= Gwythyr ap Greidawl =

In Welsh mythology, Gwythyr ap Greidawl was a rival of Gwyn ap Nudd, a deity connected with the otherworld. In the Middle Welsh prose tale Culhwch ac Olwen, he is named as a member of Arthur's retinue and takes part in the quest to win the hand of Olwen for Arthur's cousin, Culhwch. Gwthyr would join Arthur on a journey to Pennant Gofid in Hell to retrieve the blood of the witch Orddu. His father is Greidawl Galldonyd, a fellow knight in Arthur's court. In Bonedd yr Arwyr, his genealogy is given as Gwythyr son of Greidawl the son of Enfael the son of Deigyr the son of Dyfnwal the son of Ednyfed the son of Maxen the son of Llywelyn. The Welsh Triads name him as the father of Arthur's second wife, also named Gwenhwyfar.
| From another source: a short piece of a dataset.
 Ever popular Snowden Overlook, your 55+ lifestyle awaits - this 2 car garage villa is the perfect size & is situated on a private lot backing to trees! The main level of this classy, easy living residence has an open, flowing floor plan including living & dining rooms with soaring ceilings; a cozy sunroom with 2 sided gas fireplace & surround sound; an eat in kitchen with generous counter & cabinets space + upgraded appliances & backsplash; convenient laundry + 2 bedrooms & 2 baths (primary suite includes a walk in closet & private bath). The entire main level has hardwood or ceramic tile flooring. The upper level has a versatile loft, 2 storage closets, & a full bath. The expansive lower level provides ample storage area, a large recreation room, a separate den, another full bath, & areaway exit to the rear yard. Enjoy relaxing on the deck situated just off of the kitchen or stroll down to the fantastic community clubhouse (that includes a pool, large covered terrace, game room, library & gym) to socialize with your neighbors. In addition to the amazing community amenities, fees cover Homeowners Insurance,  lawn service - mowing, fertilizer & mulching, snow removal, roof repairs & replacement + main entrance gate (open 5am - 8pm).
Sometime before the main events of Culhwch and Olwen, Gwythyr was engaged to marry Creiddylad, daughter of Lludd, who was stolen from him by her brother, Gwyn ap Nudd. In a violent battle, Gwyn defeated his rival, kept Creiddylad and took a number of Gwythyr's chieftains prisoner. When Arthur heard of this, he forced Gwyn to release the noblemen and made peace between the two adversaries.

Every Calan Mai, the two would fight over Creiddylad, until a battle on Judgment Day, in which the victor would keep her forever. Their rivalry has been taken to represent the contest between summer and winter and is a variant of the Holly King myth.